Many development executives have
another goal as well: To begin a dialogue with donors. Planned
giving communication efforts can serve to initiate
“conversations” with some of your most interested donors.
Reply devices and questionnaires can offer a way for the donor to
respond and, in so doing, open the door to the beginning of a
relationship.
Whether on a card or a questionnaire,
some donors also give clues to their personality and motivations
by comments penned—sometimes almost illegibly—in the margins.
Reading between the lines to identify
opportunities takes practice. But it can prevent the loss of a
substantial gift—which may well go to another organization with
more astute development staff members.
How would you answer?
Donors to a major university wrote
the following comments on questionnaires they were sent at the end
of a quarterly mailing program. What opportunities for further
contact does each present?
“Ought to make decisions on
worthy causes, but main concern is grandchildren.”
While this may sound like a “Sorry,
not interested,” reply, this person may be surprised to learn
that grandchildren need not be slighted by charitable giving. If
little else is known about the writer, a phone call would be
appropriate to say thanks for the comment and suggest that there
may be ways to give that actually enhance benefits to heirs.
After you learn more about the
person, you may decide to suggest a lead trust, a term-of-years
trust that pays income to the grandchildren to help with college
expenses, or other planned gift arrangement. Or remind the person
about a residual bequest that would be completed only after other
heirs are provided for.
“Any change…will be determined
by our financial situation, considering we are living on a
retirement income.”
Another “Don’t call me, I’ll
call you” answer? Not really. These people have provided a key
piece of information — that they are retired. That tells you
they are in a key age group for planned giving. They also may be
interested in giving-for-income plans to supplement their pension.
A gift annuity may be especially attractive.
“I have not looked at the
information which you sent. When the golf season slows down, I
expect to get busy on my will preparation.”

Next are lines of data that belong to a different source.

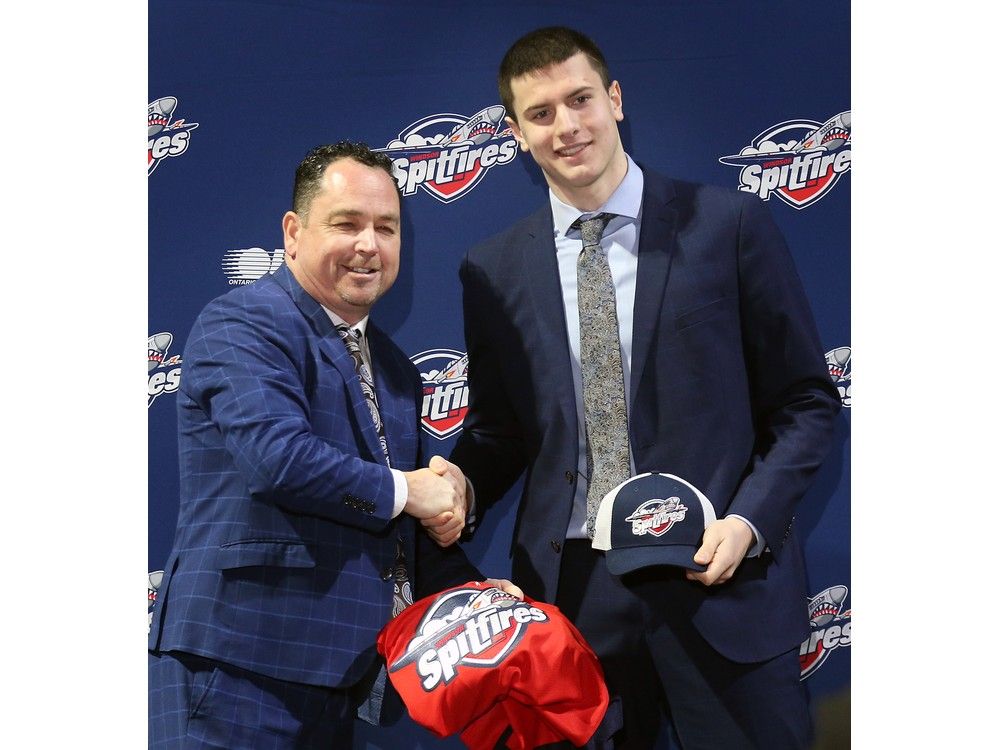 Windsor Spitfires' general manager Bill Bowler, left, made Ethan Belchetz just the second player taken first overall in the club's history and the first since 1976.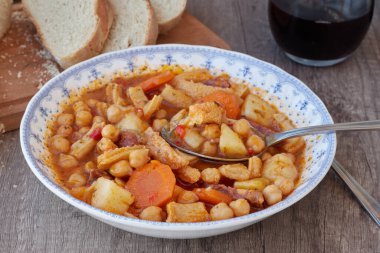 Madrid, İspanya 'nın tipik mutfağının tabağı. Mondongo a la espanola ya da cayos a la espanola. İşkembe, et, sucuk, nohut ve sebze ve domates soslu patatesten yapılmış. Tahta bir masanın üzerinde mavi aksanlı beyaz bir vintage plakada sunuluyor.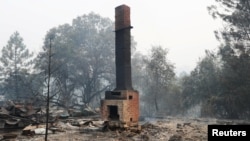 A chimney is all that is left of a home destroyed by the Detwiler fire in Mariposa, California U.S., July 19, 2017. 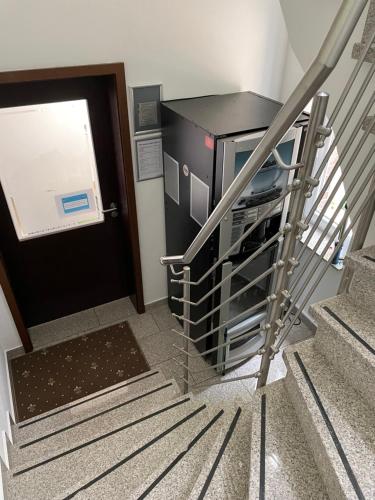 a set of stairs leading up to a black door at dS Hotel Gronau in Gronau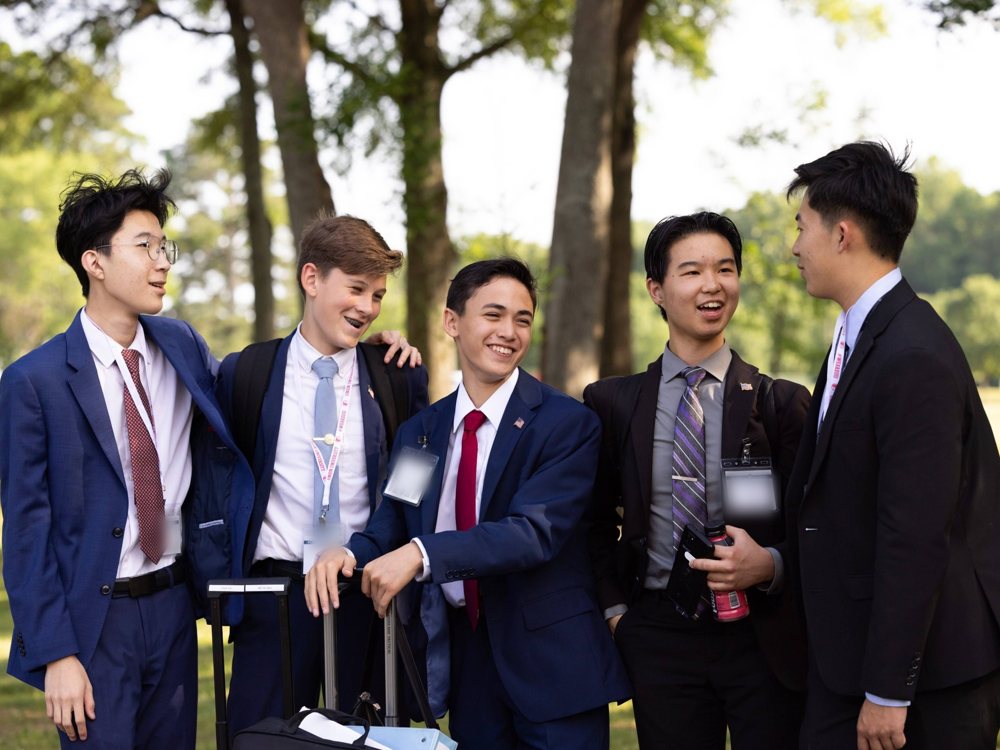Five students laughing together outdoors at NITOC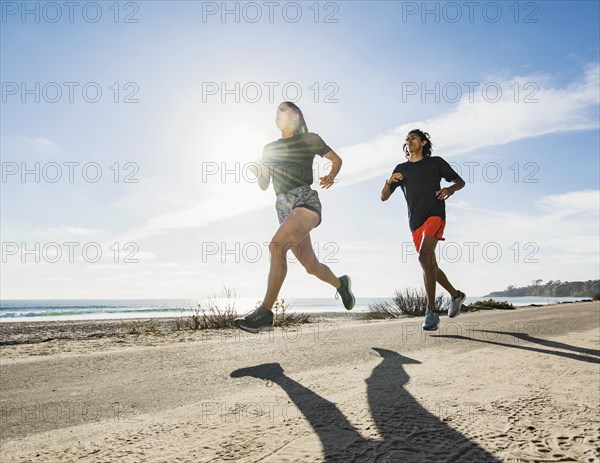 USA, California, Dana Point, Man and woman running together by coastline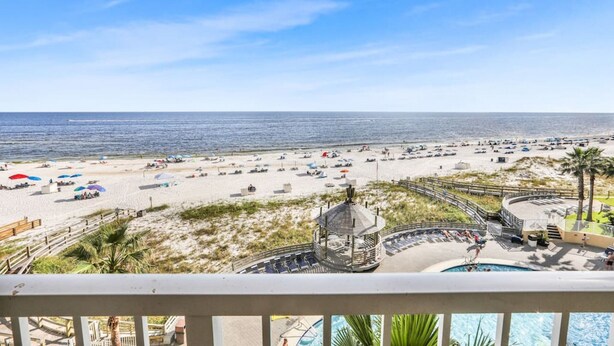 A beach view with a gazebo, pool, and beach umbrellas. - Totally Beachin - Condo with Stunning Ocean Views (Orange Beach)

It’s rare for respondents to take
the time to tell you they haven’t read your material, let alone
to imply that they have saved it and plan to read it later. This
comment signals deeper interest. Mark the donor for future contact
when more help may be welcome. It may be impressive that you
remembered the comment. Also note the interest in golf in your
records. This may be an indication that the donor is still in the
prime of life and may be interested in a plan that provides
additional income in future years.
“As an attorney, I prepare
wills.”
Add this person to your list of
professionals whom you keep informed of planned gift marketing
activities. A follow-up call may be appropriate to introduce
yourself and establish a relationship on which to draw in the
future. This person may serve as a volunteer for you in their
community and help with questions donors may have.
“I plan to update my will in the
near future and will retain you as beneficiary.”
Why can’t they all be like this? A
thank-you phone call is appropriate. The donor may be interested
in memorial opportunities for the bequest, or in more information
about the types of bequests and their advantages and
disadvantages.
“I will be the sole recipient of
my mother’s modest estate and I will not be in a position to
rearrange my will or make charitable contributions until my mother
dies; she is 98.”
You may decide to handle this one
with a letter. The writer has revealed much more than is
necessary, suggesting a willingness to communicate further. If you
learn of the mother’s death, a carefully written letter some six
months later can remind the writer of the intentions he or she
revealed in the earlier communication.
Response devices are important to
building ongoing relationships with donor prospects.
When a person takes time to say
thanks or even to explain why they can’t or won’t give now,
this need not be the end of the story. It could be an invitation
to begin a relationship that could be mutually beneficial to the
donor and the charitable interest.
Editor’s note: This material is
based on Mr. Adcock’s presentations in the popular Sharpe
seminar “An Introduction to Planned Giving.” Click
here for
more information.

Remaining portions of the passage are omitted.